Copyright @ 2010 Dee Streiner
Memoirs of a Homeless Toddler by Dee Streiner
I remember
standing in the dirt, silent tears rolling down my cheeks. I didn’t want my mother to see me cry; she
was trying so hard. But those days blended
from one painful episode into the next.
I remember the smell of the desert when it rained. I loved that smell. On that particularly scorching summer day, I
felt the coolness on my charred soles and I wondered, even at four years old,
would it hurt more now that my feet had known relief? Even then, I knew I would suffer for the
temporary reprieve, but I couldn’t stop myself from digging my bare feet deep
into the cool, moist desert floor.
Back then, in
the 70’s, you couldn’t stay in the shelters during the day and you could only
stay at the same shelter for a number of nights before you were required to
move on. We had nothing to do during the
days but walk, and we’d reached our maximum of nights allowed at the previous
shelter. We wandered the streets killing
time until the next shelter opened and we’d race for our spots before it became
too full.
Standing at a
traffic light, I remember seeing a dead cat, its’ eyes staring unseeing into
the cloud-filled sky. It was wrapped
around a traffic light. Whatever hit it
must’ve been moving at quite a clip to propel it that way. I think that now. Back then, I wondered if it was in peace, and
I was happy for it. I feel sorry for the little girl who stood -jumping from
foot to foot- staring at death like that.
My mother was far too distracted to notice, to protect me from such
things. She was busy trying to figure
out what to do next while she carried my brother, easing the red-hot sting on the
bottoms of his little feet. It was his
turn.
My brother gave
up many turns of being carried, so I could have longer ones. I’ve never forgotten that. I saw the shame in his eyes those few times
he accepted and felt bad for my own disappointment. Neither one of us gave a thought to the tiny woman,
only four feet, nine inches tall, who carried us for miles each day, trying to
find some way out of the hell she’d created.
All we thought about was the ache of hunger in our bellies, our painful
cracked lips, dry from thirst, and the unforgiving aches in our bodies. Nothing else mattered.
I don’t
remember caring about toys. We’d had
them stripped away so often, I stopped caring long before that time. I’m especially sad for that fact. A four-year-old girl should have a special
doll or stuffed animal to love. Kids
should care about toys and not be concerned with the survival and safety of the
people they love.
My mother’s new
husband had destroyed everything that we loved on a regular basis over the
previous two years. Jim was the worst
kind of alcoholic. He worked all week
and was adored by his friends and coworkers.

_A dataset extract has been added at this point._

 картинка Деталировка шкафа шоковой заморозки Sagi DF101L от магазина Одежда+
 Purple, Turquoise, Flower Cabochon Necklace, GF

Then Friday came and like clockwork, Jim drank away most of his weeks’
earnings and went home to beat my mother.
He then dragged our belongings into the driveway and drove over them,
back and forth, laughing wickedly. It
was shocking at first, to lose everything we cherished, but when you’ve
listened to your mother plead for her life, while tables crashed against the
thin paneling of a trailer home, you stop caring about material
possessions.
Eventually,
Jim would spend his tirade, feeling justified and puffed up, and he’d go off to
drink for the night. The following day, Jim
would crawl back, begging for forgiveness with arm loads of thrift store
clothes and toys. She was too afraid of
Jim by then to say “no.” His
psychological abuse far exceeded the physical abuse. I was too young to understand that then. I just wanted him gone.
The last time
Jim hurt my mom, he crossed a line with her.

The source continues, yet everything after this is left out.